— What physician-assisted death is like for a family
Margaret Handley wrote the essay so her children understood their grandmother’s experience and to help others learn about physician-assisted dying.
By Meghan Holohan
It started with weakness and pain when walking. Then Jacqueline Shapiro had a deep lesion on her leg before she broke it, oddly, and doctors struggled to set it. The pain medications caused her to have bad reactions and her energy waned. Eventually doctors learned that the 85-year-old had lymphoma. She underwent three grueling months of surgery, radiation and chemotherapy, but it only left her exhausted and feeling worse.
“It can cause delusions and a sort of psychosis. And it just was horrible, just horrible. And it was really hard for her to get her pain stabilized,” Margaret Handley, her daughter who is an epidemiologist living in the San Fransisco Bay area, told TODAY. “If you looked at those episodes medically, they were going well, but it was just part of an escalating discomfort for her. She increasingly felt like ‘I don’t think this is a good place for me to be.’”
Shapiro worried about spending the rest of her life undergoing painful treatments that might not even cure her cancer.
“She didn’t want to be lying there dwindling while people take care of her,” Handley said.
When a palliative care doctor visited Shapiro to discuss her pain, they started talking about California’s End of Life Act. People with terminal illnesses, who meet a certain criteria, can request drugs to aid dying, according to the California Department of Public Health. Similar legislation exists in eight other states. Compassion & Choices, a nonprofit working to improve patient rights and individual choice at the end of life, recently reported that Brittany Maynard’s advocacy of “death with dignity” inspired the passage of medical aid dying laws in Washington, D.C, Colorado, Hawaii, New Jersey and Maine.
Shapiro met those requirements. Hearing about the option of medically assisted death seemed to lessen her burden.
Handley shared more about her mother’s death in an article in the Annals of Family Medicine.
“She told me right away after the doctor left, ‘That’s what I’m going to do — physician-assisted dying. I don’t want to compete with this disease — that’s not what I want to do with the rest of my life,’” she wrote. “I sat with her and my sadness and then, over the next few days, we set upon the logistics to put her right-to-choose into motion.”
While her oncologist thought there was a possibility that the cancer could go into remission, Shapiro wasn’t sure if she could endure more treatment. Then she spoke with a doctor from the physician-assisted dying group, who described how the process works. He noted that many people request the drugs but don’t ultimately go through with it. Handley felt impressed by how all three doctors acted when advising her mother.
“I don’t think that (the doctors’ input) affected her decision,” Handley said. “But it was also much better that she heard them and witnessed them doing their work and felt like she was part of the narrative, not outside of it.”

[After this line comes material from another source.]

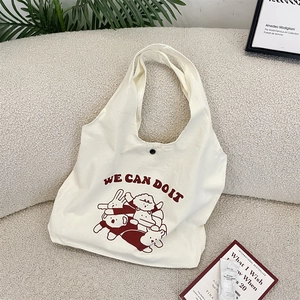 Détail du sac fourre-tout en toile blanc cassé avec imprimé dessin animé et bouton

Shapiro loved nature and the forest. As a young woman, she spent her summers at Yosemite and lived in the Sierra Nevada mountains until age made a remote living situation a little tougher. She had a garden with plants from the forest and an ornery cat name, Darcy, named after Mr. Darcy from “Pride and Prejudice.” While she was sick, she worried about his well-being. Making the decision for physician-assisted death put her mind at ease about what would happen to her pet, her plants and her life. This allowed Shapiro to say goodbye to her family the way she wanted, watching nature shows and cat videos, enjoying one another’s company.
“We were lucky to know it was coming and to be able to say let’s have these moments together,” Handley said.
Handley and her brother sat with their mother, with Darcy on her lap. As Handley read the poem, “Evening” by Rainer Maria Rilke, her mom passed away.
“It was a really powerful experience to be able to sit with someone who is making this choice,” Handley said. “That was a good experience for us to share.”
Handley said she wrote the essay because she felt there were so few personal stories about what physician-assisted death is really like. She also hoped that by sharing the experience her three children would also better understand her mom’s choice and experience.
“I wanted to write down what happened with my mom’s decision-making so that they would understand,” she said. “I thought this was just adding a little more real personal experience of what (physician-assisted death) looks like in one given situation.”